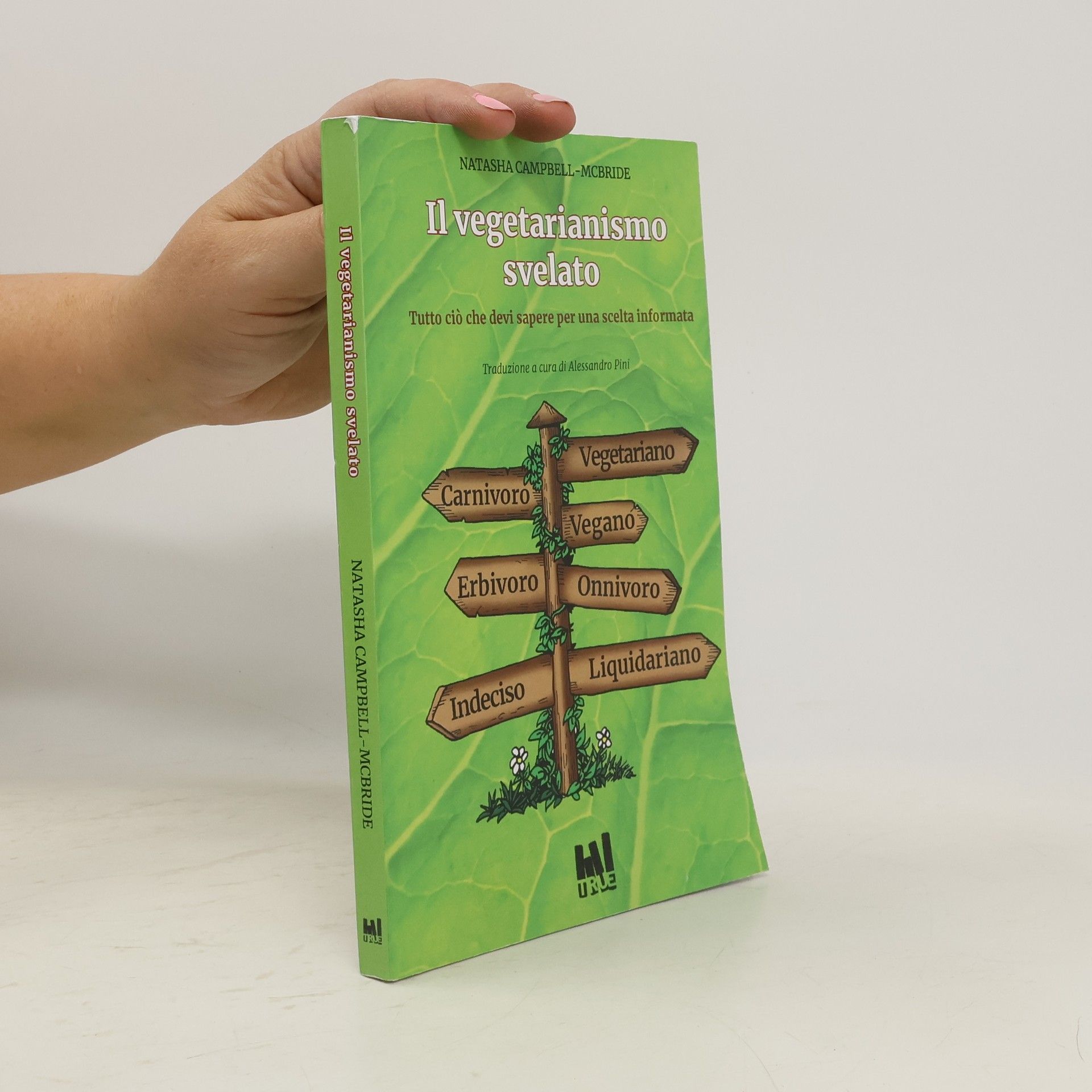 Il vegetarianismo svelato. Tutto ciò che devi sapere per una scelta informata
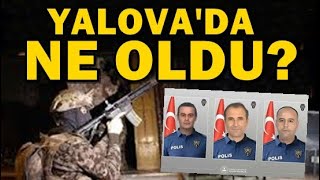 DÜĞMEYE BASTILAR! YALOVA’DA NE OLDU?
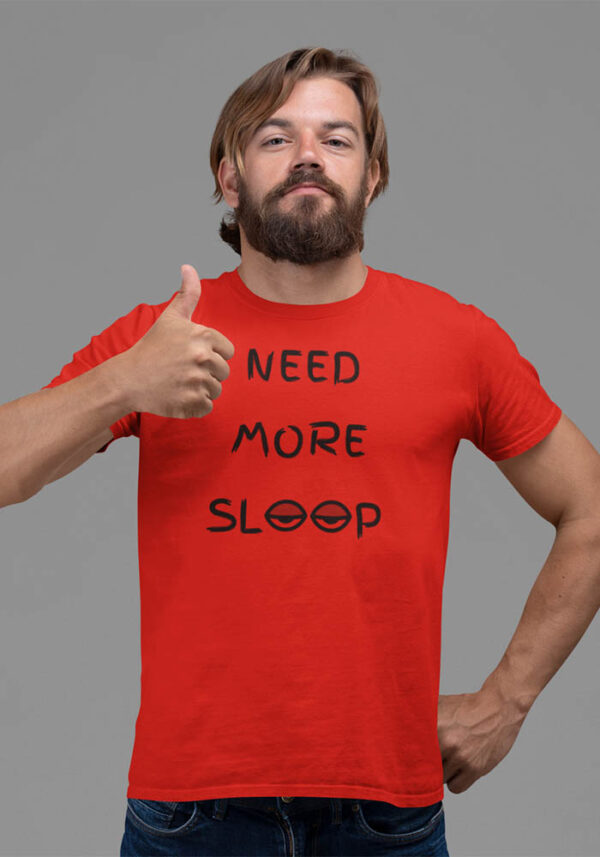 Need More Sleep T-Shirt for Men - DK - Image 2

...

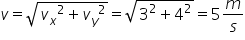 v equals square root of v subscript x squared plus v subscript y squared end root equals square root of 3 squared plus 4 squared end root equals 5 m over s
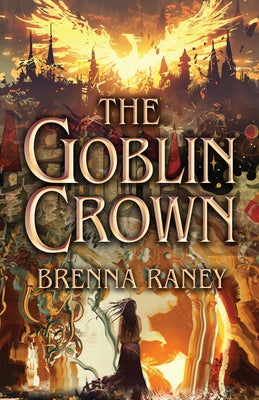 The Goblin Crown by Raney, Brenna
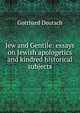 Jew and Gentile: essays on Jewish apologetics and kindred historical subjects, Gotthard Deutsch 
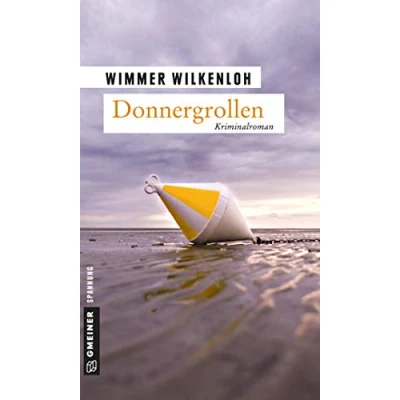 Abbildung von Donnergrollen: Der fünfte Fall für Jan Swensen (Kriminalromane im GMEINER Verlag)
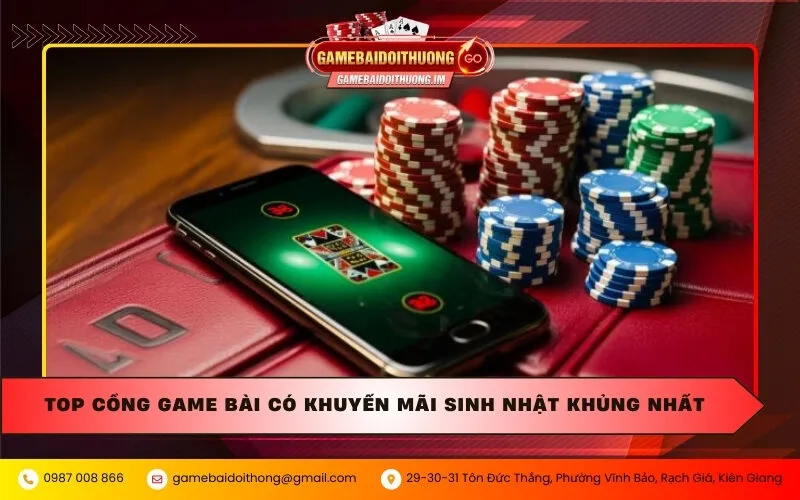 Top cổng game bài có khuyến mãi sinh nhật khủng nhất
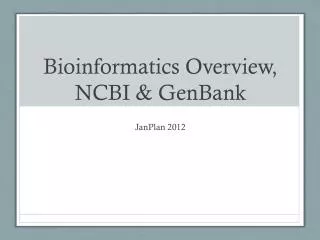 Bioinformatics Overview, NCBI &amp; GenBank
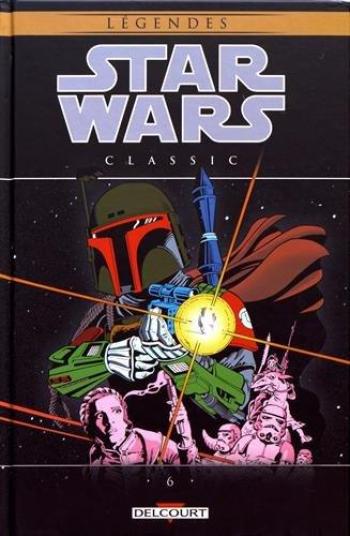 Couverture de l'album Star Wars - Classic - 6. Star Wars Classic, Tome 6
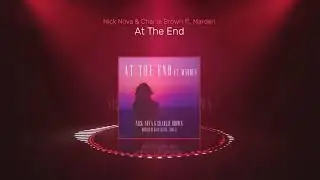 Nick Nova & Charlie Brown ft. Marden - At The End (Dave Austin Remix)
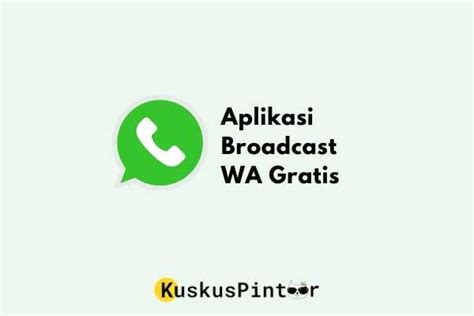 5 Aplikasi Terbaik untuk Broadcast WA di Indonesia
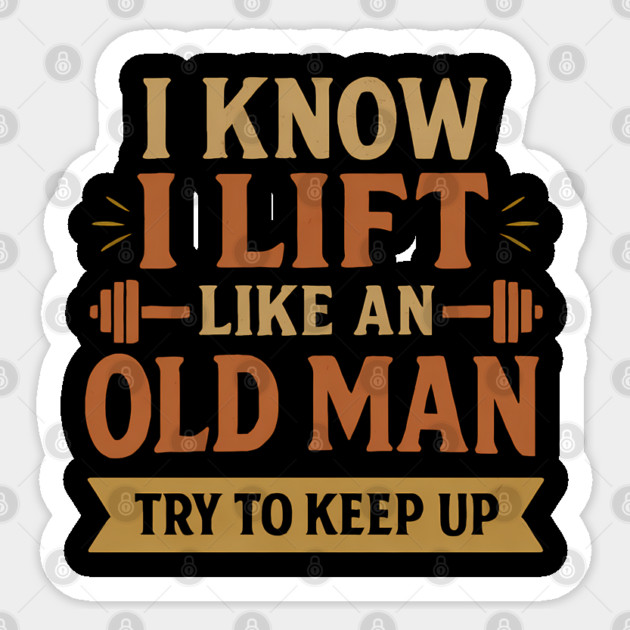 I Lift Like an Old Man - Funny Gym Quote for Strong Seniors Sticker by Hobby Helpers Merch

==

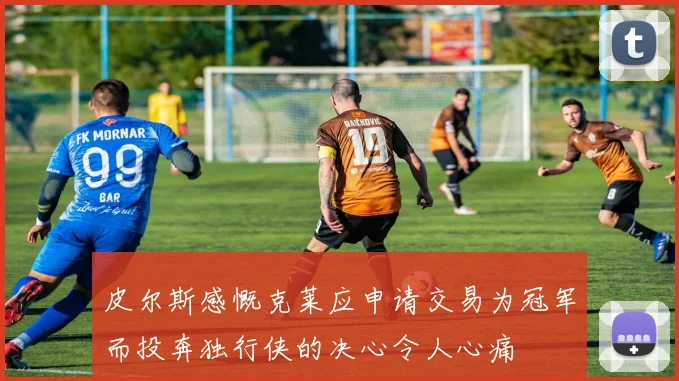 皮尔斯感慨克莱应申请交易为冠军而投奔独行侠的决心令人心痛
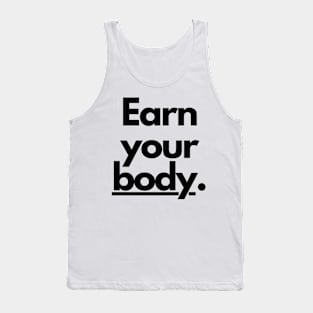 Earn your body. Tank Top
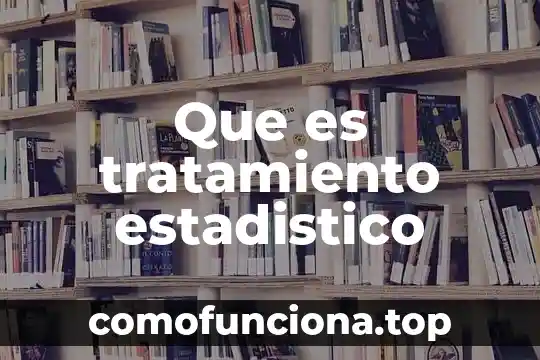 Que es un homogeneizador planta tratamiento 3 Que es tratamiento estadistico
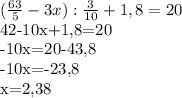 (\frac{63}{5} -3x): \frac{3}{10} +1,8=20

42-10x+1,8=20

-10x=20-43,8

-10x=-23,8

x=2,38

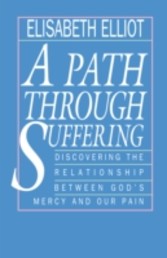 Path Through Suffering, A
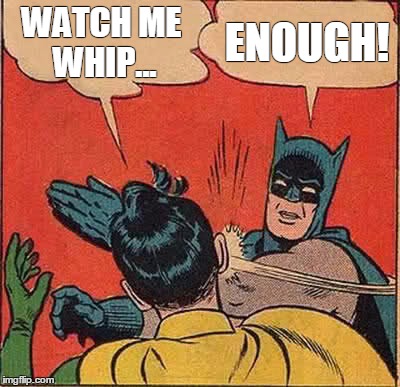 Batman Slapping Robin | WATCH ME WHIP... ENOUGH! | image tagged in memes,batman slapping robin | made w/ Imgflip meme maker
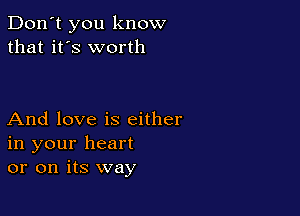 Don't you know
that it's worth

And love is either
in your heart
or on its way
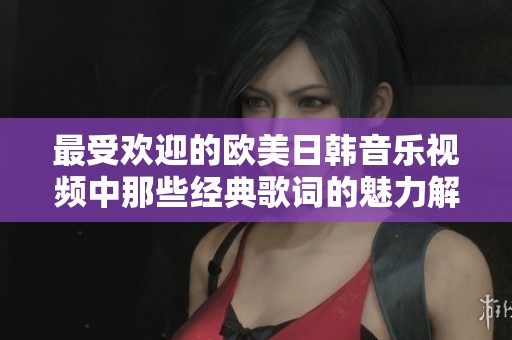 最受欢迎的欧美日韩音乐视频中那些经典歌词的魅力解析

*Work instructions*. From the material above, give again exactly the lines from the one that contains "-10x=20-43,8" through the one that contains "or on its way", and leave out the pictures.

*Exercise result*.
-10x=20-43,8

-10x=-23,8

x=2,38

 Path Through Suffering, A
 Batman Slapping Robin | WATCH ME WHIP... ENOUGH! | image tagged in memes,batman slapping robin | made w/ Imgflip meme maker
 Don't you know
that it's worth

And love is either
in your heart
or on its way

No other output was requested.